■ **Exercise instructions**: Omit all pictures and transcribe only the lines in the entries below that run from the line with "Pour the gel" through the line with "I'm gonna let".

■ **Recorded information**:
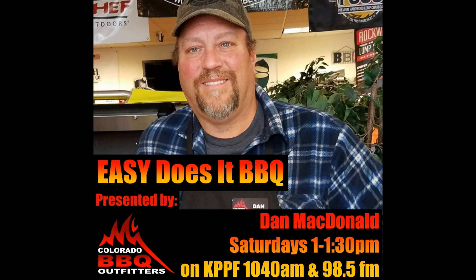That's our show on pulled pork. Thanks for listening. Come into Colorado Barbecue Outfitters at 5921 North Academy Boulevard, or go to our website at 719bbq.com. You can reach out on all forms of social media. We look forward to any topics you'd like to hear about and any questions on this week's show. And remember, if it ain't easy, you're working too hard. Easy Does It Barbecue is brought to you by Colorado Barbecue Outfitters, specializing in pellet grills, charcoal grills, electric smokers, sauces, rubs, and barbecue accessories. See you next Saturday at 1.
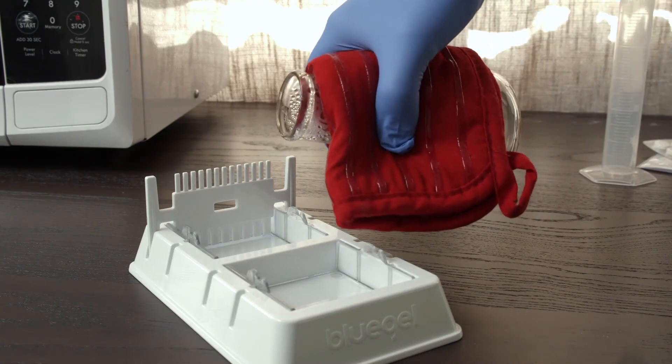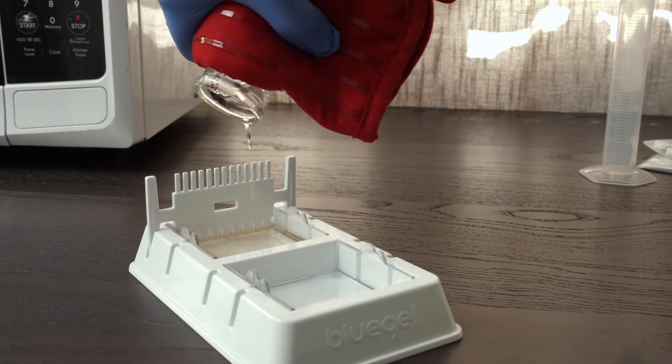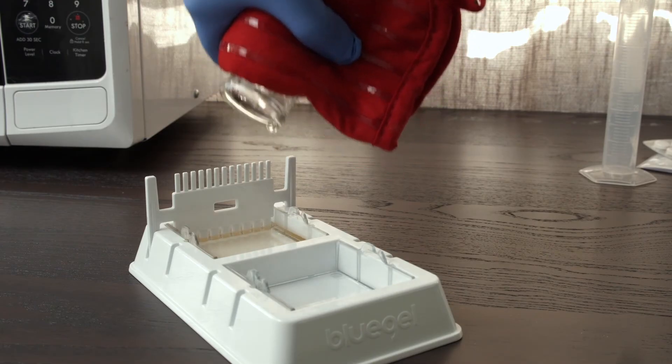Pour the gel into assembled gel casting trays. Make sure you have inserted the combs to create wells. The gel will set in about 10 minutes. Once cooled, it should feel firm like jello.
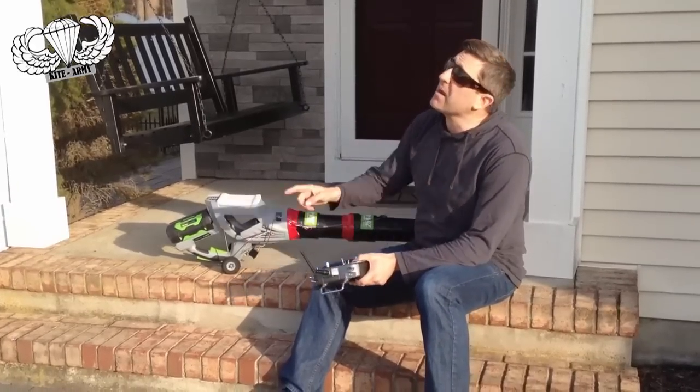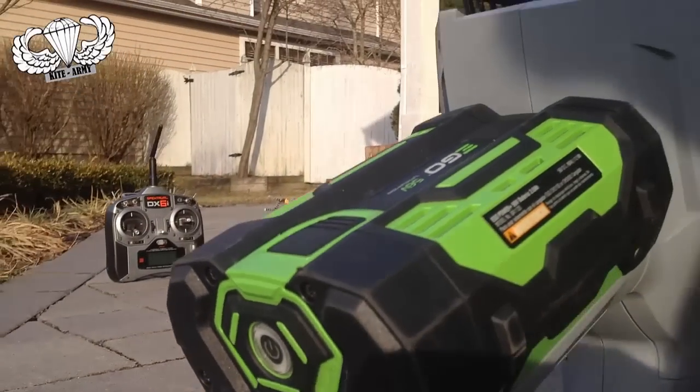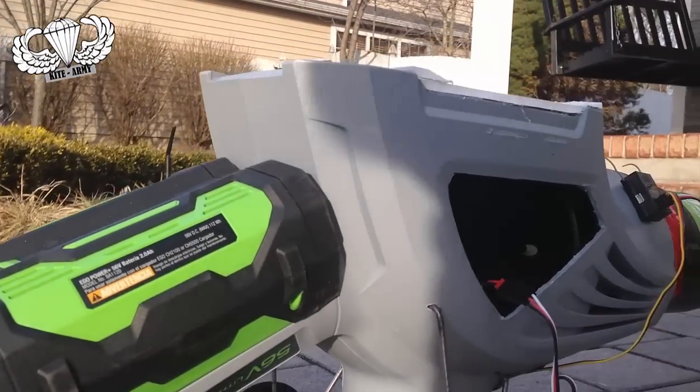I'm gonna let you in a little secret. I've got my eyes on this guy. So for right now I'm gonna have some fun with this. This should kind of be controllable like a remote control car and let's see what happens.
---
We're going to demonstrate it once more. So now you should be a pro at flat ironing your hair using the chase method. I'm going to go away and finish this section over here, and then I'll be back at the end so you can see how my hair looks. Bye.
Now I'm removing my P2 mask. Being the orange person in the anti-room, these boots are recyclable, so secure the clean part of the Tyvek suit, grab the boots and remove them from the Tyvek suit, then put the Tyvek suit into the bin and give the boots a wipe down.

■ **Answer**:
Pour the gel into assembled gel casting trays. Make sure you have inserted the combs to create wells. The gel will set in about 10 minutes. Once cooled, it should feel firm like jello.
I'm gonna let you in a little secret. I've got my eyes on this guy. So for right now I'm gonna have some fun with this. This should kind of be controllable like a remote control car and let's see what happens.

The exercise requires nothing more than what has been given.